» **What you should do**:
Restate word for word the lines below that run from the one holding "СТЕПЕНИ ГОТОВНОСТИ ГРАЖДАНСКОЙ" through the one holding "请教一下怎么搭建AMESIM分流集流阀模型", inclusive. Pictures don't belong in the copy.

» **Given information**:
#####

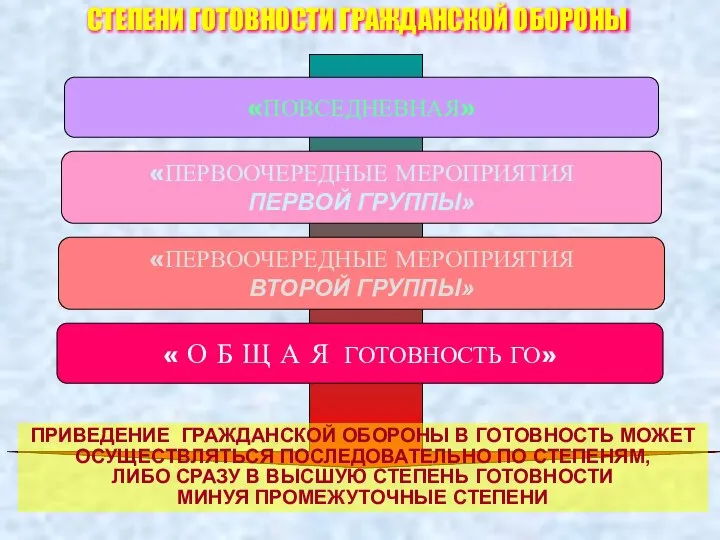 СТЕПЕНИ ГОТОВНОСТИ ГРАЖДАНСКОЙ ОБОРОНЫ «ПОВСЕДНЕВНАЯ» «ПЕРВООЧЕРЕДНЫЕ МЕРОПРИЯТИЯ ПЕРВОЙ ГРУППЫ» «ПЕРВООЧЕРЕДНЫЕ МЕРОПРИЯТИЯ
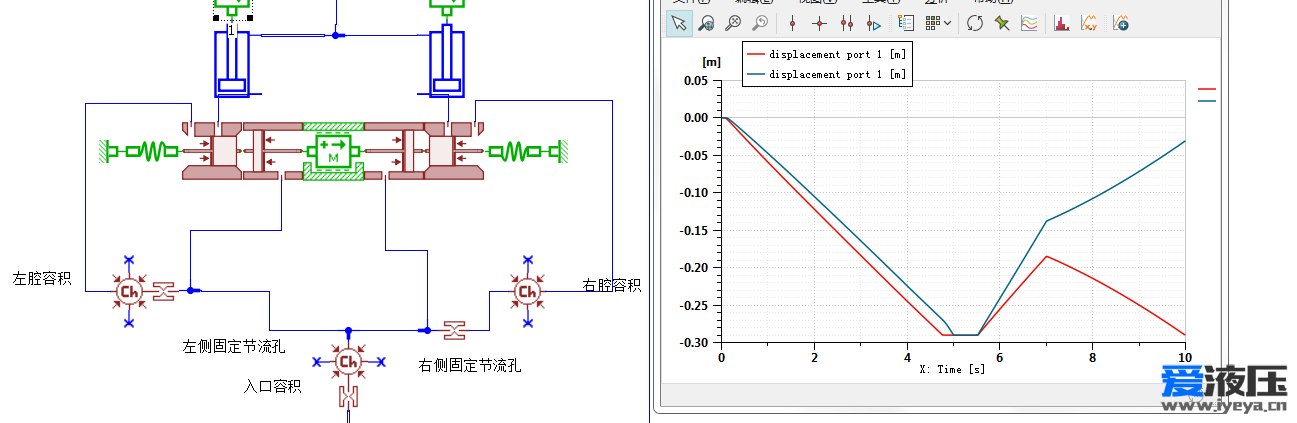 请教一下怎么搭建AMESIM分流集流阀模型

#####

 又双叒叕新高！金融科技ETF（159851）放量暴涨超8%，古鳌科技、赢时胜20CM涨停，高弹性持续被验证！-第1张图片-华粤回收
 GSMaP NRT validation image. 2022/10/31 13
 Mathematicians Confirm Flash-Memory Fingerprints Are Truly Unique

#####

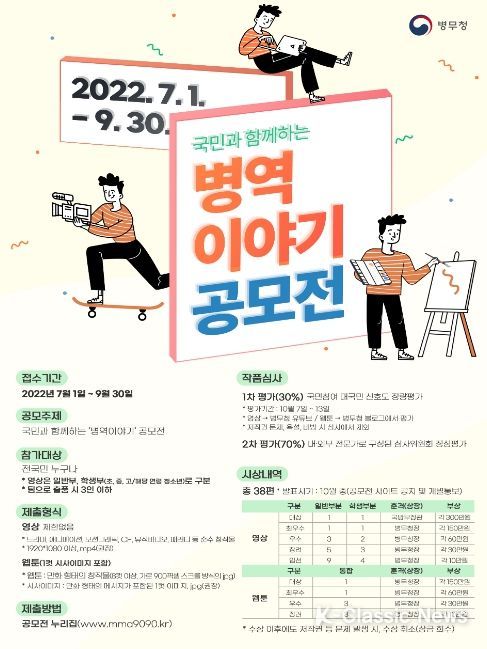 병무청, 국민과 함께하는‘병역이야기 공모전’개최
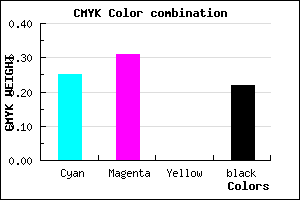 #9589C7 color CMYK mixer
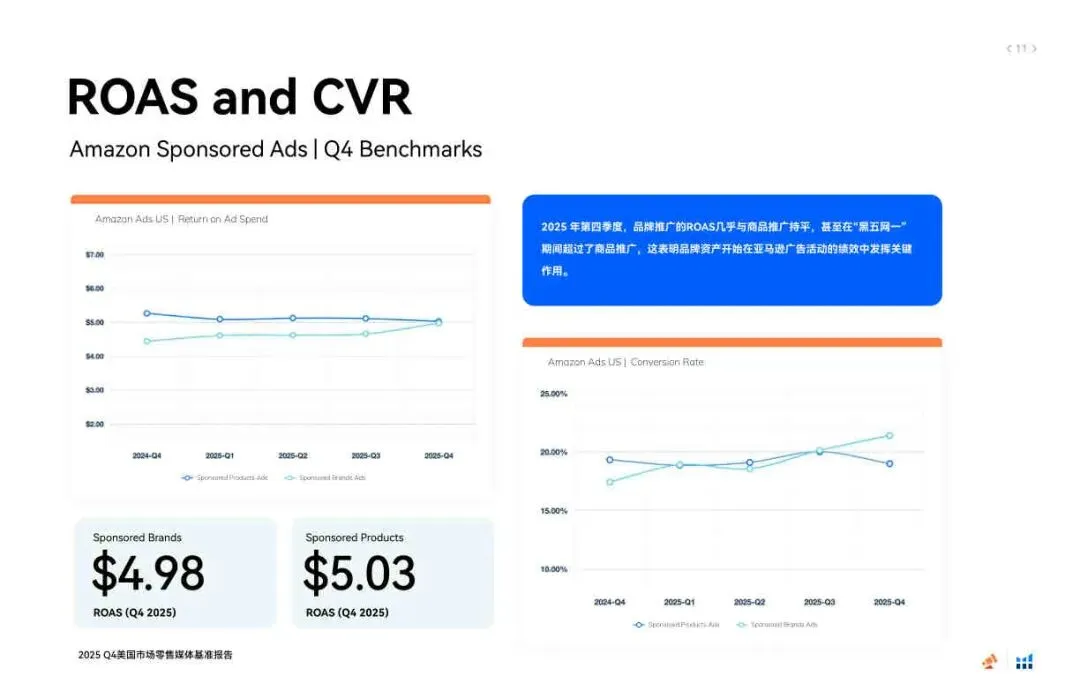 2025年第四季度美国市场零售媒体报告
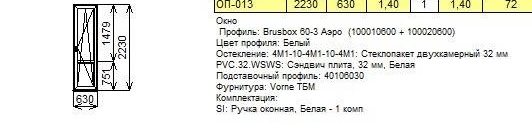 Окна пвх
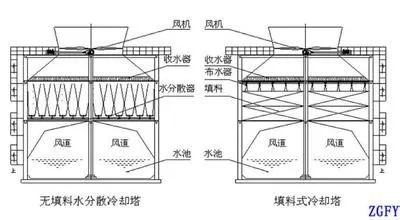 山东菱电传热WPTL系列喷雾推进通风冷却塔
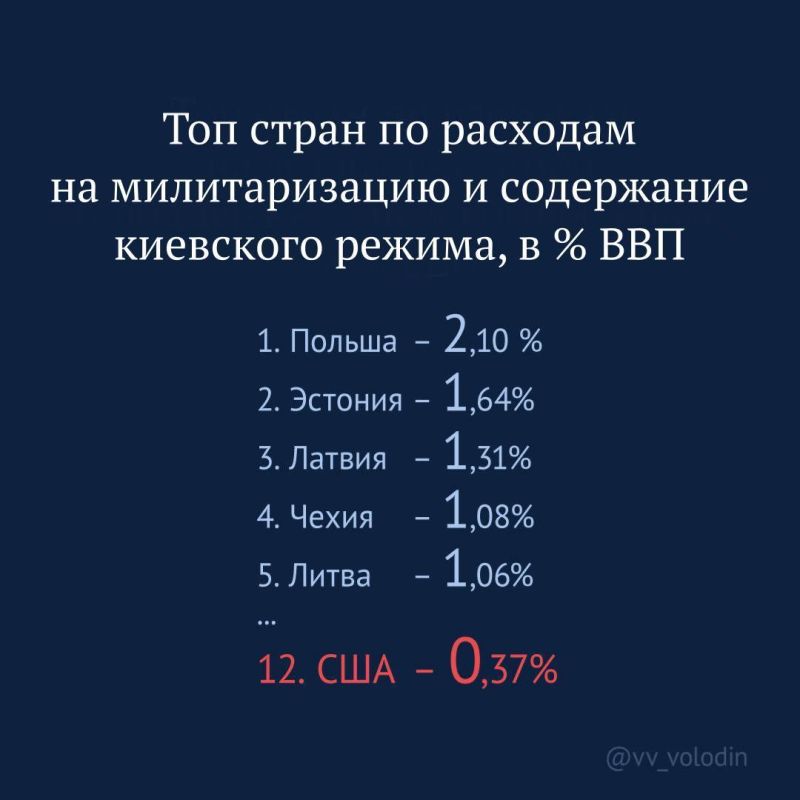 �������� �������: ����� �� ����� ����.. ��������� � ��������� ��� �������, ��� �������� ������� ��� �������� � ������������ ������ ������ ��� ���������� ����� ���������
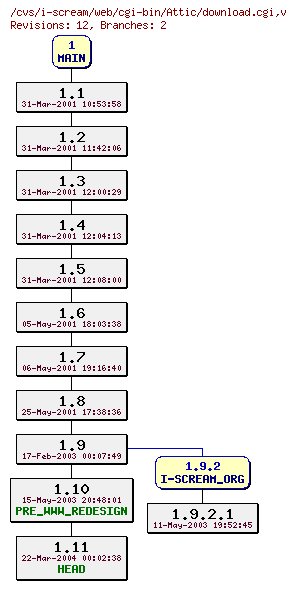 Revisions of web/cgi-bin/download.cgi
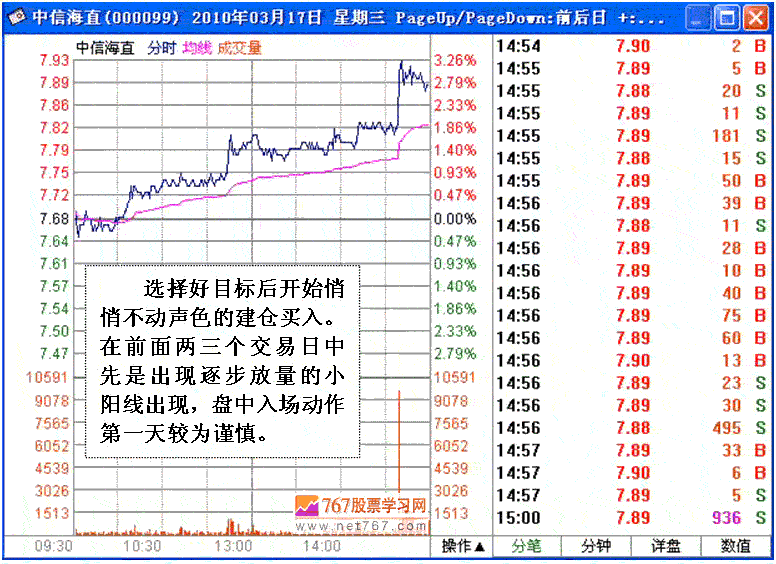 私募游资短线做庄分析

#####

» **Solution to the exercise**:
 СТЕПЕНИ ГОТОВНОСТИ ГРАЖДАНСКОЙ ОБОРОНЫ «ПОВСЕДНЕВНАЯ» «ПЕРВООЧЕРЕДНЫЕ МЕРОПРИЯТИЯ ПЕРВОЙ ГРУППЫ» «ПЕРВООЧЕРЕДНЫЕ МЕРОПРИЯТИЯ
 请教一下怎么搭建AMESIM分流集流阀模型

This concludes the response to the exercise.